The hour-long protest - by the far the largest of Cop28 so far - ended like it began, with organizers taking turns to read the names of just a few of the Palestinians killed by Israeli bombs since 7 October. I’ve covered many protests as a journalist over the past 16 years or so, but had never seen so many people - organizers, journalists, participants - weep. “These names were real people with aspirations. Please don’t forget them,” said Rania Harrara, a Unicef youth advocate and MENA feminist taskforce.
Carbon markets: Negotiators wrangle over role of forest conservation
Overnight, new negotiating texts on the rules for the Paris agreement’s carbon market appeared. With almost 80% of countries relying on carbon markets to meet their Paris obligations according to The International Emissions Trading Association (IETA), they will play an important role in ensuring the overall success of the agreement.

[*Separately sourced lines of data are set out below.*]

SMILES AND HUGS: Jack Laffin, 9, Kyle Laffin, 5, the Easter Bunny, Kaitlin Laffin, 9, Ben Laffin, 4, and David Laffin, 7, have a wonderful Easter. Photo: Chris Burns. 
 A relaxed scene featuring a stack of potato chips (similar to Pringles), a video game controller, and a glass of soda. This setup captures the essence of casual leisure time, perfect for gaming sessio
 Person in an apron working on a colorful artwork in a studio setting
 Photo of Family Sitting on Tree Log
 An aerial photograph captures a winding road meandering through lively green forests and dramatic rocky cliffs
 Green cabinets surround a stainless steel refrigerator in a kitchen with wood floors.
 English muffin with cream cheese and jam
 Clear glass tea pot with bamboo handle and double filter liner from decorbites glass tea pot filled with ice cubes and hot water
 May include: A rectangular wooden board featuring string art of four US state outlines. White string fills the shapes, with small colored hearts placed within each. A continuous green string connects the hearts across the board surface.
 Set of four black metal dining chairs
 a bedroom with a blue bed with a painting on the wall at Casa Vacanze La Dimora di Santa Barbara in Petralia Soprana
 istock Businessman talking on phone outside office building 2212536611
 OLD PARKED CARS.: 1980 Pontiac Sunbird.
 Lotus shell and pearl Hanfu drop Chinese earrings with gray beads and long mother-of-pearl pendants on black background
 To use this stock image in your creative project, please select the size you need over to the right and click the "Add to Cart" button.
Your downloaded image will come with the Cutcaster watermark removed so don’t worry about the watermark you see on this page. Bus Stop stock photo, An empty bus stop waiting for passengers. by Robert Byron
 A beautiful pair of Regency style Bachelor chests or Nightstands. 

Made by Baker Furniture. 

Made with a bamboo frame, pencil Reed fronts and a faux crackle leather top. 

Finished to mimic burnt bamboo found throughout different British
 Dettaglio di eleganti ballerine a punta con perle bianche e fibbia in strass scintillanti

The new texts considers proposals for how forest conservation should be included in the rules for the carbon market or whether it should be excluded.
Once operational, large polluters such as the UK and Saudi Arabia will be able to purchase carbon credits from states with major carbon sinks such as Brazil and Indonesia to meet their own national targets.
Businesses are already buying up carbon rights in anticipation of a potential new industry, with one UAE firm signing agreements for areas of forest larger than the UK.
But carbon markets are among the most controversial and complicated parts of international climate politics. Some observers fear that weak rules on what counts as a carbon credit could mean countries end up trading hot air to meet their NDCs all while the planet continues to warm. Others worry that if the rules are too restrictive, climate finance will not flow.
A key question is what countries are allowed to trade. If a country decides not to extract oil, should it get carbon credits? If a state restores large areas of forest or electrifies another country’s transport network, how should that be counted? The list of potential problems is long and negotiators need to come up with an answer.
If you would like to read through some of the negotiating texts on carbon markets, Carbon Brief’s Dr Simon Evans has the latest and a useful tracker to follow their progress.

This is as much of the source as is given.